Data supplied.
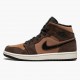 Women/Men Air Jordan 1 Mid SE Dark Chocolate DC7294-200 Jordan Shoes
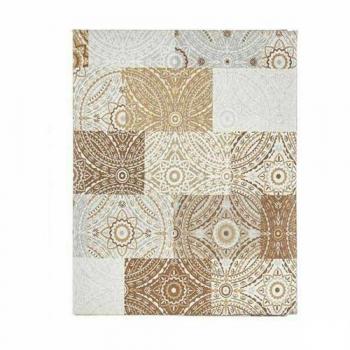 Mantel Loneta Antimanchas Azulejo 140 x 180 cm Beige (6 Unidades)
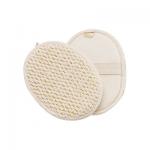 China Eco - Friendly Brown Hemp Bath Body Scrubber Exfoliating Pads for sale
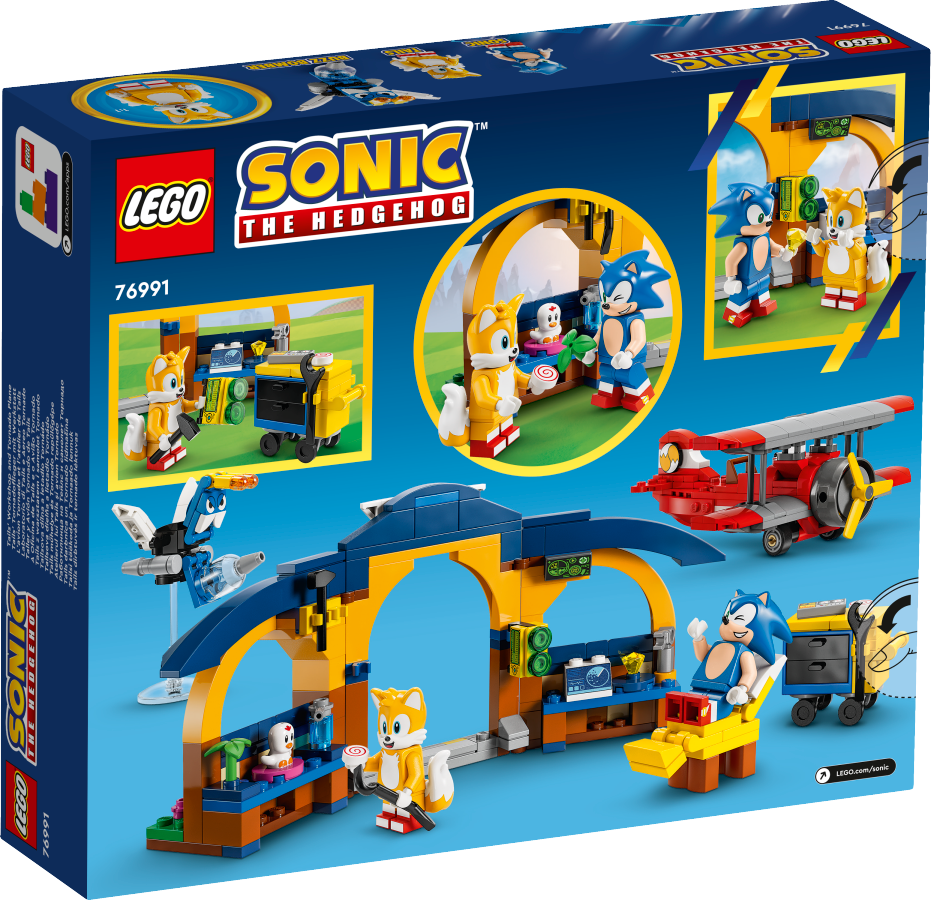 LEGO SONIC Tails z warsztatem i samolot Tornado 76991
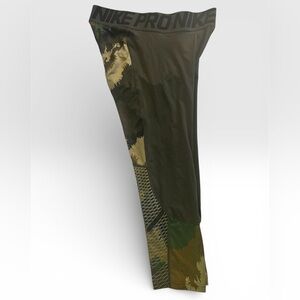 Nike Pro Green Camouflage Tights Leggings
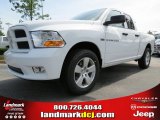 2012 Bright White Dodge Ram 1500 Express Quad Cab #66487666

Your goal.
In the records above, locate the line with "China Eco - Friendly"; output it and each line after it through the last one, exactly, omitting pictures.

The completed task.
 China Eco - Friendly Brown Hemp Bath Body Scrubber Exfoliating Pads for sale
 LEGO SONIC Tails z warsztatem i samolot Tornado 76991
 Nike Pro Green Camouflage Tights Leggings
 2012 Bright White Dodge Ram 1500 Express Quad Cab #66487666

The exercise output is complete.